Uganda targets 2027 start for world’s longest heated oil pipeline

Uganda targets 2027 start for world’s longest heated oil pipeline

“The east African crude oil pipeline is ongoing,” Uganda’s energy minister Ruth Nankabirwa told the Financial Times at the COP29 climate summit in Baku, Azerbaijan. “We have invested a lot of money in exploring exploration [and] in critical infrastructure. We are now drilling.”

Uganda is set to become an energy producer by 2027, allowing the landlocked nation to export oil from two oilfields via a $4bn, 1,443km-long pipeline that would run through Tanzania to the port of Tanga. The developments will transform east Africa’s energy market but have been criticised for displacing communities and damaging the environment.

TotalEnergies alongside China’s Cnooc is leading the project alongside the Ugandan and Tanzanian national oil companies to develop the Kingfisher and Tilenga fields close to Lake Albert. Drilling has begun at both sites and the pipeline’s construction is already under way.

Once fully operational, Uganda expects to produce 230,000 barrels a day of oil — higher than Opec member Gabon’s output — with 60,000 b/d refined for domestic use.

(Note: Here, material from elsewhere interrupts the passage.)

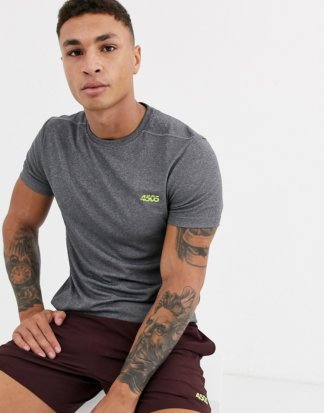 ASOS 4505 - Schnelltrocknendes Sport-T-Shirt in Kalkgrau mit Logo-Mehrfarbig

The remaining 170,000 b/d will be exported through the pipeline, which will be electrically heated to help pump Uganda’s thick and viscous crude grades.

The pipeline will cross nature reserves along the basin of Lake Victoria, Africa’s largest, while displacing households and wildlife across Uganda and Tanzania, say activists who are sceptical the projects will benefit local communities.

“Ugandan authorities have intensified their repression of activists protesting the oil projects in the country’s Lake Albert region,” said the International Federation for Human Rights, which in September documented at least 81 arrests and detentions since May.